CONSTRUCTION

George B. Francis supervised the initial planning and estimating work involved in gaining acceptance of the design of a new Union Station and in March of 1892 was appointed resident engineer of the project. His article in the May 1909 Journal of the Association of Engineering Societies is the definitive description of the construction. The project got underway in the summer of 1890 and the new station was opened on September 18, 1898.

The plan accepted in 1890 was modified somewhat in 1894 to eliminate curved tracks through the station and to provide for a different building than originally contemplated. The revised plan above shows the Cove and theTefft Union Station in dotted lines.

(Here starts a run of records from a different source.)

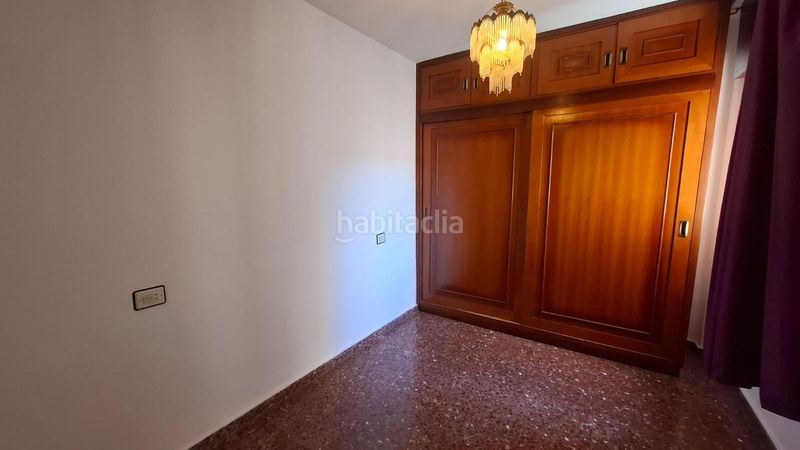 Foto e3fe8a4b-abb7-45d2-9996-b5dc53ba05c7. Casa adossada a Motril ciudad Motril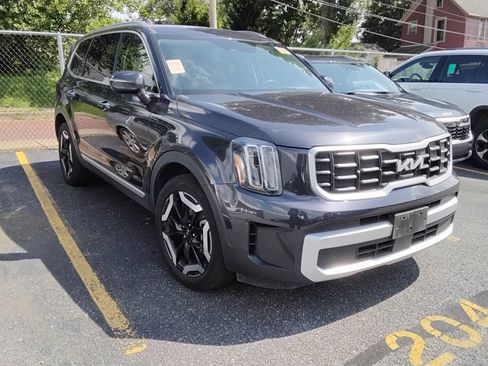 Used 2025 Kia Telluride S AWD/4WD image 12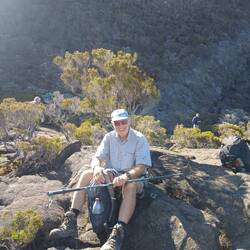 Pause goûter avant la remontée des marches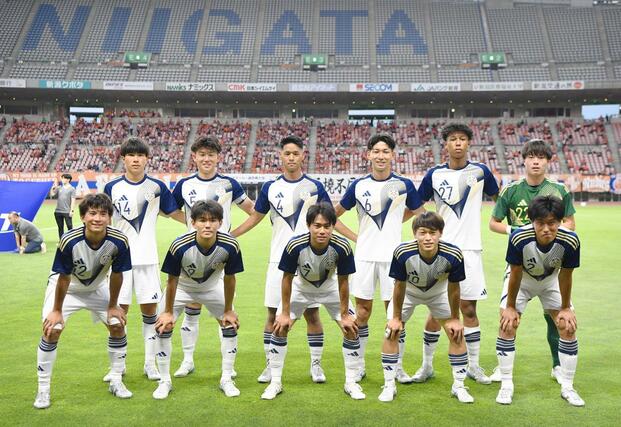新潟戦に臨む東洋大イレブン=デンカビッグスワン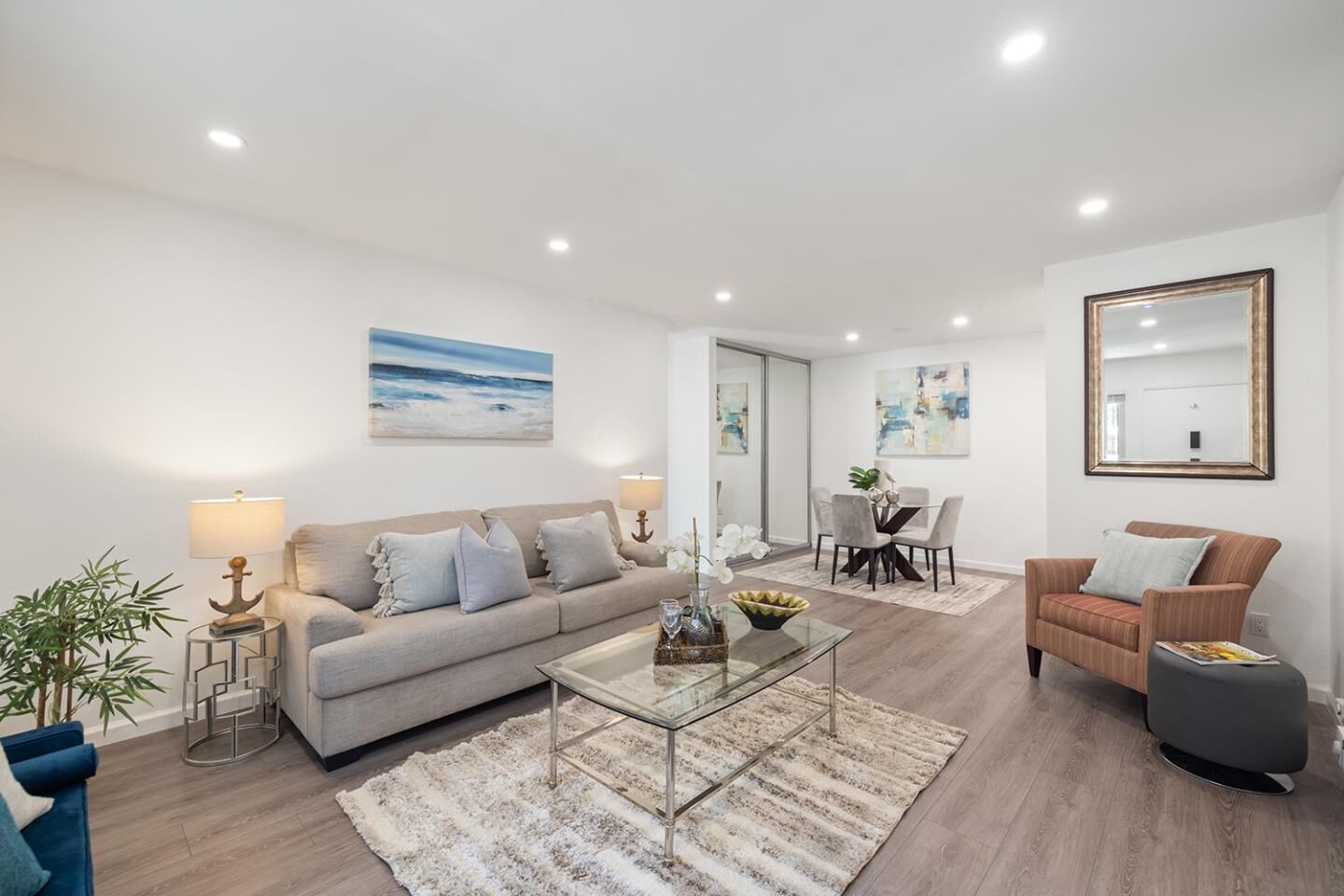 Property Photo:  410 Boardwalk Ave Avenue 19  CA 94066 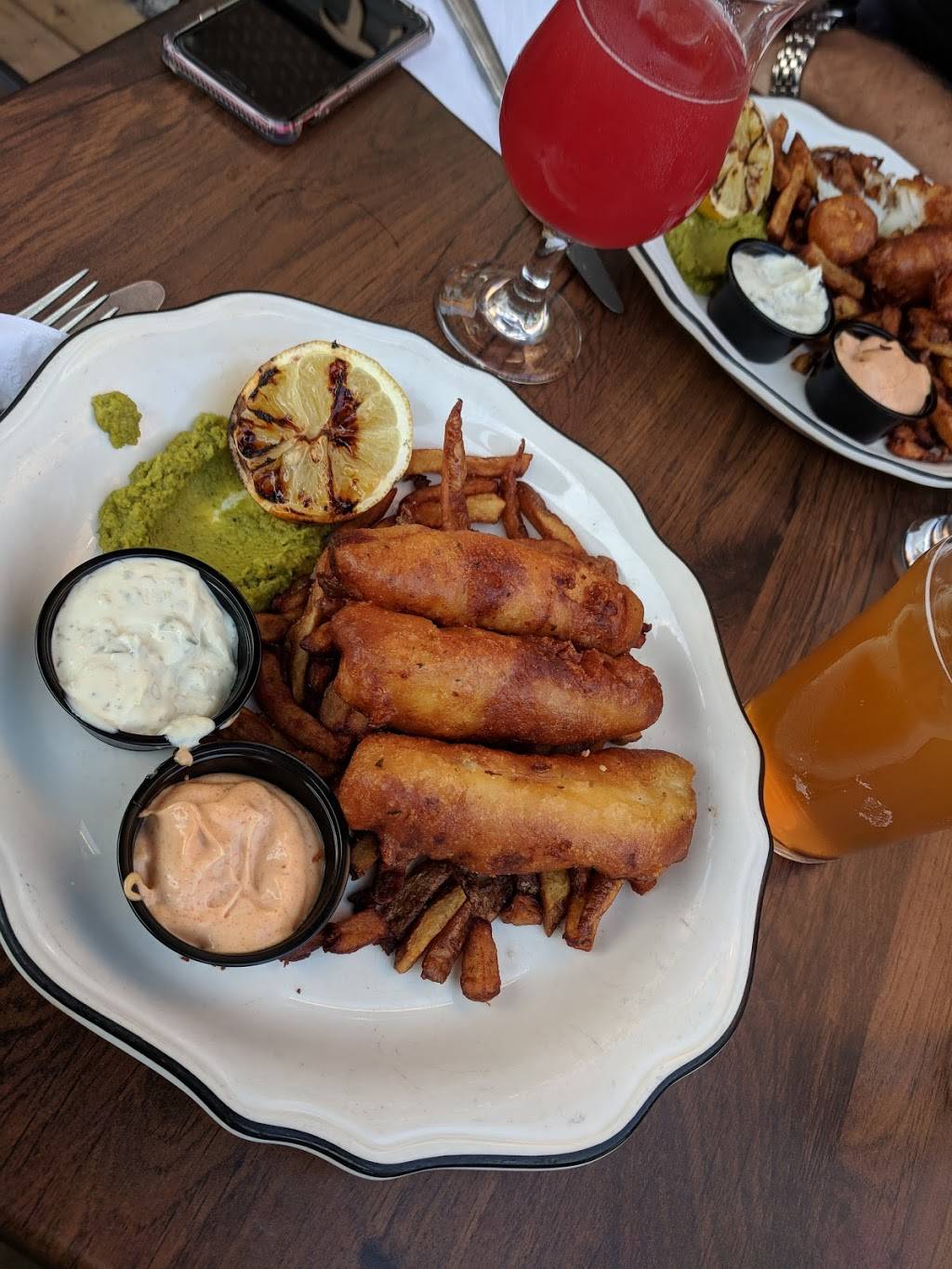 Le Trèfle | restaurant | 4718 Rue Wellington, Verdun, QC H4G 1X3, Canada | 5147623324 OR +1 514-762-3324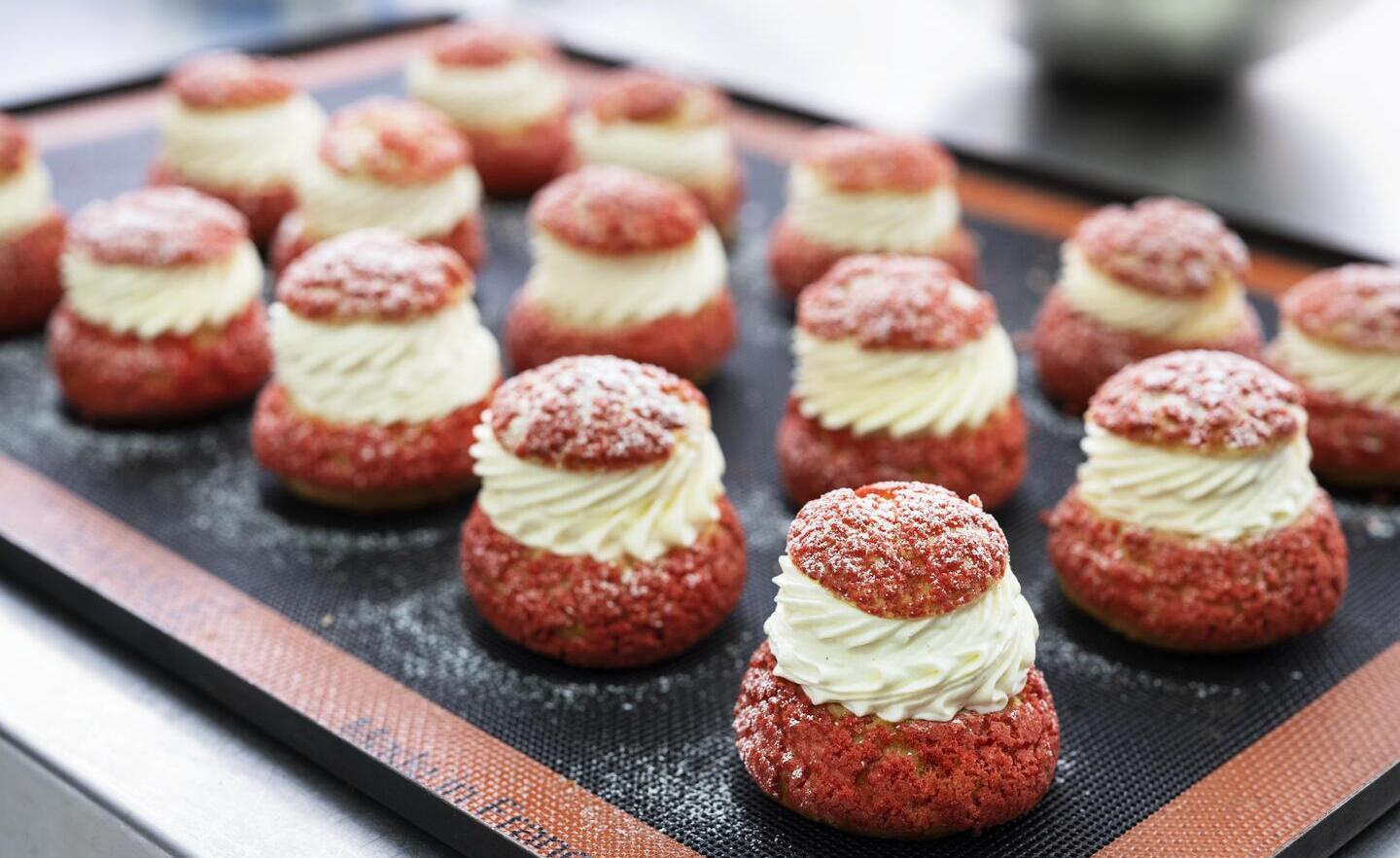 Classic cream puff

Panoramic View Of Construction Underway

The Tetft Depot can be seen along the bottom edge of the view. The above ground support work for the new station is on the left. On the right is the P&W freight house with the B&P freight house behind it. The Woonasquatucket and Moshassuck Rivers join at the east end of the old depot tracks. The State House will occupy the rise of land in the top center right. See a detail of this photo below.

In this photograph the Moshassuck River (right) has been rerouted, the Cove filled, and the Woonasquatucket River (left) channelled between walls. The bridges for the east approach to the station include a pin-connected truss over the Woonasquatucket and a girder bridge over the future Promenade Street.

This postcard shows the junction of the Woonasquatucket and Moshassuck Rivers which form the Providence River. The State House was started in 1895 and completed in 1904. Promenade Street crosses the river on the right. This view would soon disappear when the viaduct to the new tunnel was built.

Abutments for the bridge over Gaspee Street were built between September 1891 and October 1892. The stone rests on spruce piles and hemlock timber grillage. The station work required driving 17,000 piles of 30 to 45 feet in length. This bridge carried 12 tracks over a 70 foot wide street. City Hall can be seen on the left edge of the photo.

Gaspee Street Bridge Girder. The wooden trusswork was a traveling crane used to position the girders. The crane lifted the girders from railroad flat cars and moved them into position by traveling on rails laid to the bridge site.

The nearly completed Gaspee Street Bridge with City Hall in the background. The floor on which the ballasted track would be laid consisted of watertight troughs to carry away rain water to gutters and downspouts at the bridge ends.

The arrangement of buildings and tracks at the new Union Station. The station was still considered to be a combination of through and terminal station and therefore there are eight stub-end tracks for the many local trains which would terminate. The pair of tentative tracks that end at each side of Francis Street were built and connected.

The completed Union Station opened September 18, 1898. The architects were Stone, Carpenter & Wilson of Providence. The flanking structures are an express building (right) and a railroad office building (left). Separated from the main waiting room by colonnades are a baggage building (right) and a restaurant (left). The Tefft Union Station stood on the bottom edge of the park (right) in the postcard. The State House was built between 1895 and 1904.